Cogswell had a hard time getting his Tompkins Square Park fountain accepted. He was rebuffed for six years. Finally, he allied himself with the Moderation Society, which had been founded in 1877 to address drunkenness on the Lower East Side. The Moderation Society managed to push Cogswell’s temperance fountain through the necessary city channels. On Aug. 27, 1891, the water was turned on.

Though Tompkins Square Park was bordered by a community of German-speaking immigrants who not only brewed a lot of beer but drank a lot of it, no one took a crowbar to Cogswell’s fountain, as befell his moralizing gifts elsewhere. But time took its toll. By the 1980s, the fountain was covered with graffiti. Someone had sawed off Hebe’s hands. Tompkins Square Park, far from being salubrious, was a haven for drug addicts.

In 1992, the statue of Hebe was replaced with a bronze replica and the fountain was cleaned. Now, it appears as a picturesque embellishment amid the park’s densely planted gardens and towering elms.

Daniel Willis James’s temperance fountain on the west side of Union Square Park is far more elaborate than the Cogswell creation. James used some of his ample fortune to hire a German sculptor named Karl Adolph Donndorf to design and build a tall, bronze fountain supported by a base of rosy granite imported from Sweden.

Above decorative swags, lion’s heads on the fountain’s four sides now once again emit water, after their recent repair. Bronze dragonflies and butterflies frolic above the lions. Then comes a richly sculpted band of acanthus leaves and birds. The ensemble is topped by a figure of a mother dressed like the Virgin Mary in a Renaissance painting. She holds a child in her right arm, while dispensing water from a jug to another child who looks at her adoringly.

Though the female figures atop New York City’s two surviving temperance fountains are idealized they are not misplaced. Saloons were for men only.
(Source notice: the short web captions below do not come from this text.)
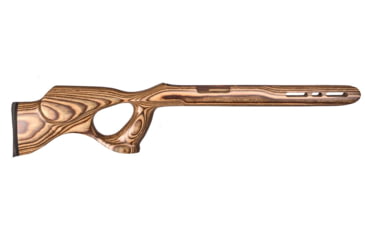 Image of Volquartsen Firearms A-10 Ambi Thumbhole Stock Ruger 10/22, Brown, VFAT-B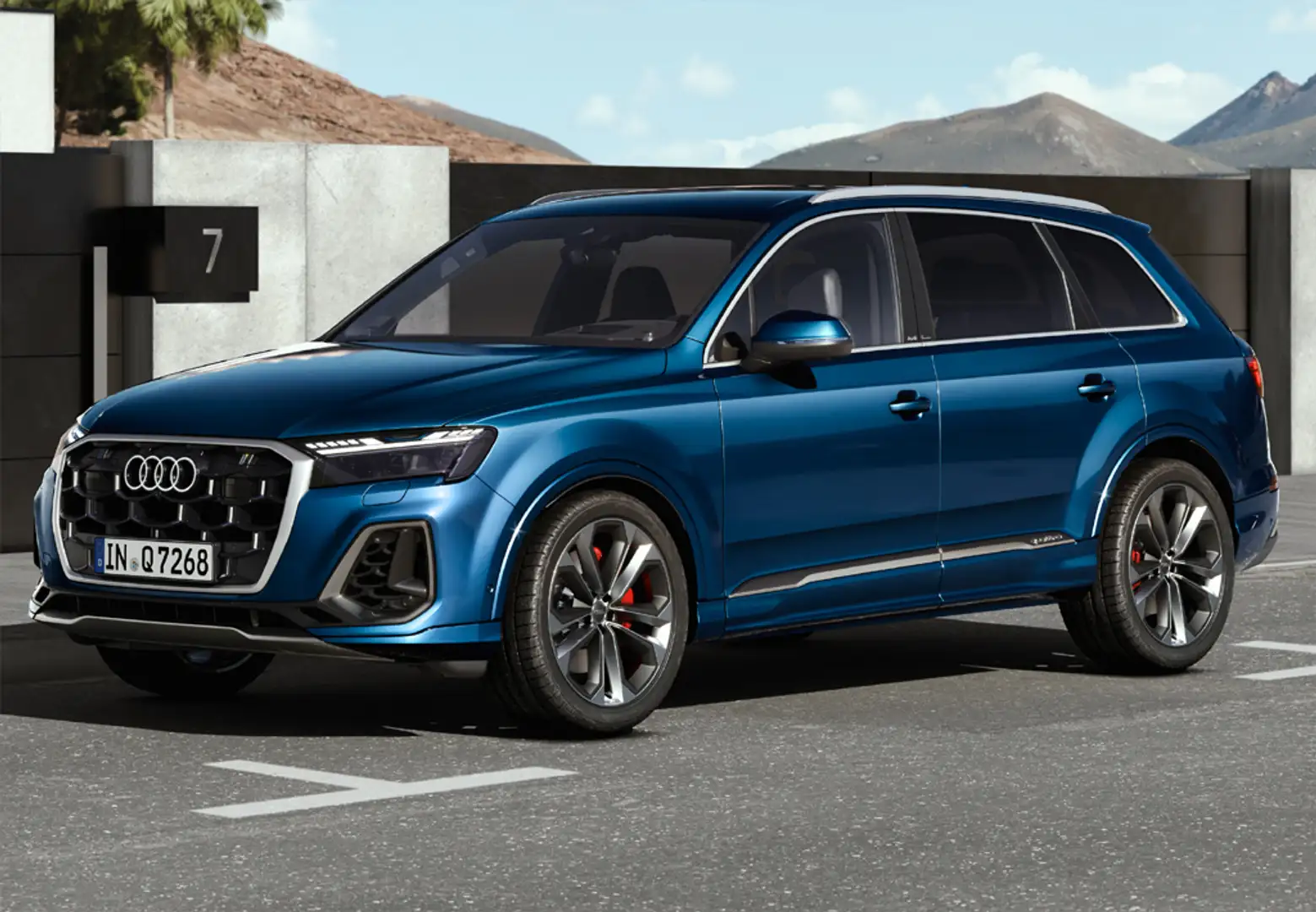 Audi Q7 3.0TDI quattro Tiptronic DPF Negro - 1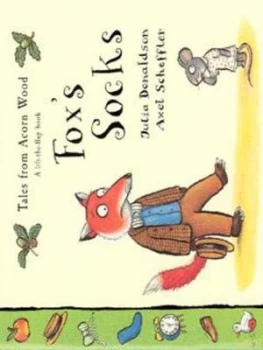 Image of Foxs Socks by Julia Donaldson Paperback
Women and children suffered when the family breadwinner drank up his week’s wages and then came home angry and violent.

The Women’s Christian Temperance Union, founded in 1874, drew its base of support from women who banded together to try to fight these abuses. Concurrently, some women were fighting for the right to vote. To some extent, the two movements merged. Elizabeth Cady Stanton and Susan B. Anthony, who led the fight for women’s suffrage, also founded the New York State Women’s Temperance Society in 1852.
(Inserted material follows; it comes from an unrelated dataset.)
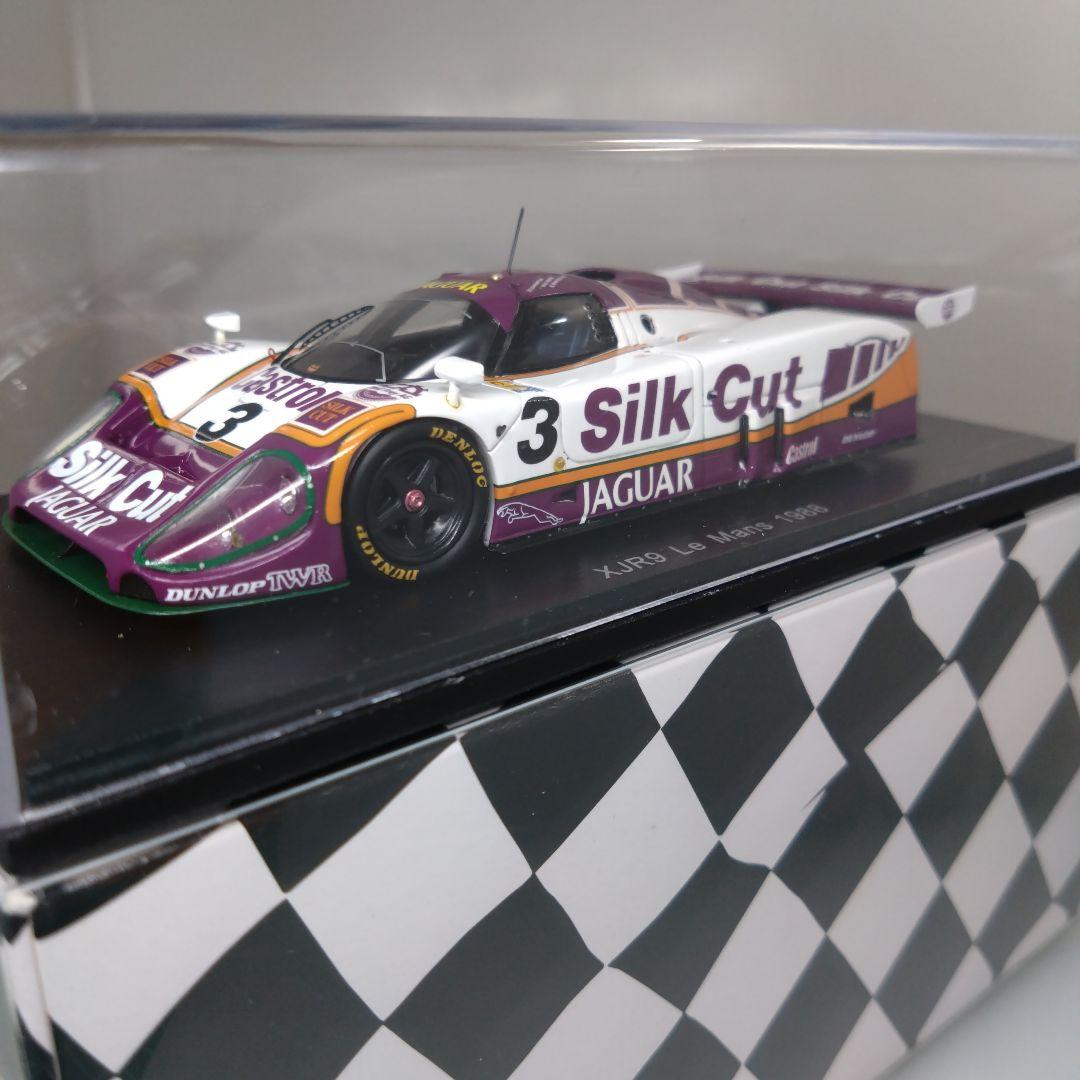 美品】1/43スパークJaguar XJR-9 SilkCut LM1988 - メルカリ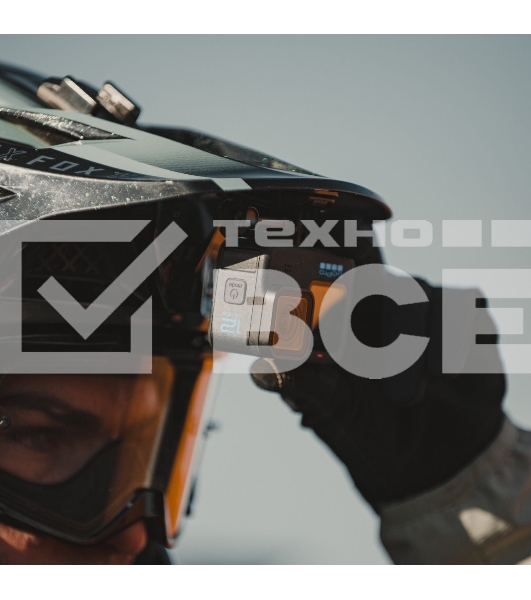 Экшн-камера GoPro HERO12 Black 1xCMOS 27Mpix черный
The 18th Amendment to the U.S. Constitution establishing Prohibition in the United States became effective on Jan. 17, 1920. It was an outgrowth of the temperance movement. Also in 1920, the 19th Amendment to the Constitution finally gave women the right to vote in federal elections. Prohibition was repealed in 1933 because the naysayers were right. It didn’t work. Women can vote, of course, but many don’t.

Manhattan’s two surviving temperance fountains are a testament to the heroic struggles and myopia of previous generations, always relevant but especially in this election year.